Benton County’s election commissioners favor staying with the company that now provides electronic voting machines to the state, saying it appears best suited to meet the county’s needs. Arkansas is looking at replacing voting machines and systems now in use as they approach the end of their 10-year life span. The state uses voting machines and equipment from Election Systems & Software, one of three companies vying for Arkansas’ business. A measure to appropriate $30 million for new voting equipment is pending in the state Legislature. Counties could receive new equipment this summer if funding is approved, said Kim Dennison, the county’s election coordinator. The commissioners have attended demonstrations of new voting systems by ES&S and by Unisyn Voting Solutions. A presentation by Hart Intercivic, the third company, is set for 9 a.m. today at the Washington County Courthouse in Fayetteville.
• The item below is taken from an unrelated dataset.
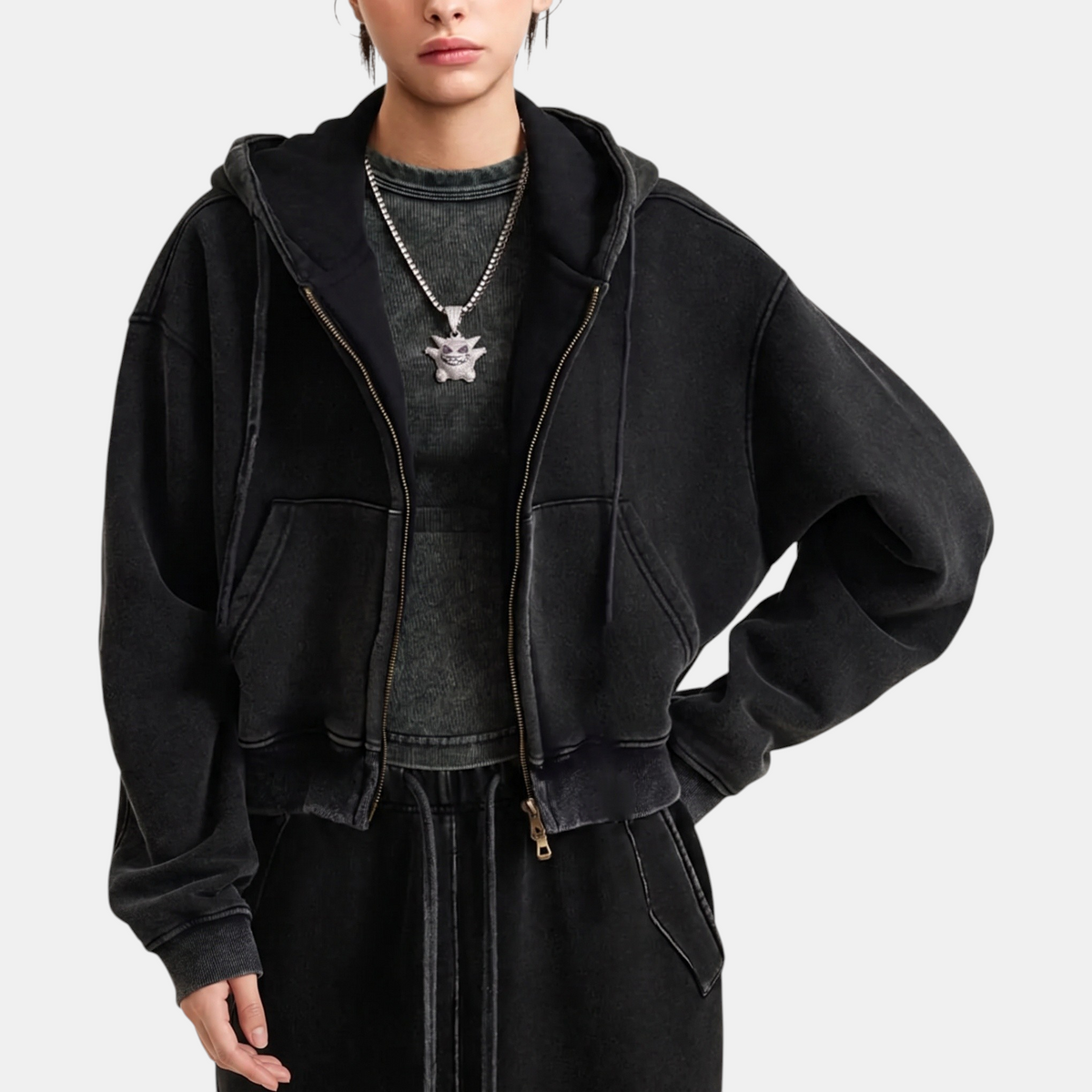 Women's Acid Wash Cropped Zip Up Hoodie Fleece Sweatshirt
Russ Anzalone, commission chairman, reviewed the information presented by the first two companies and asked the commission and election staff for input. ES&S unanimously was favored as the vendor that should receive Benton County’s recommendation. The decision on which system to use will be made by the secretary of state’s office along with the state Board of Election Commissions.
“They know how we operate in Arkansas,” commissioner Mike Sevak said, referring to ES&S.
Dennison provided the commission with a spreadsheet that showed expected costs from ES&S and Unisyn for the new equipment Benton County needs. The cost of the ES&S voting machines, ballot counting machines and other equipment came to about $1.8 million. The cost of the Unisyn voting machines and equipment would be about $1.1 million.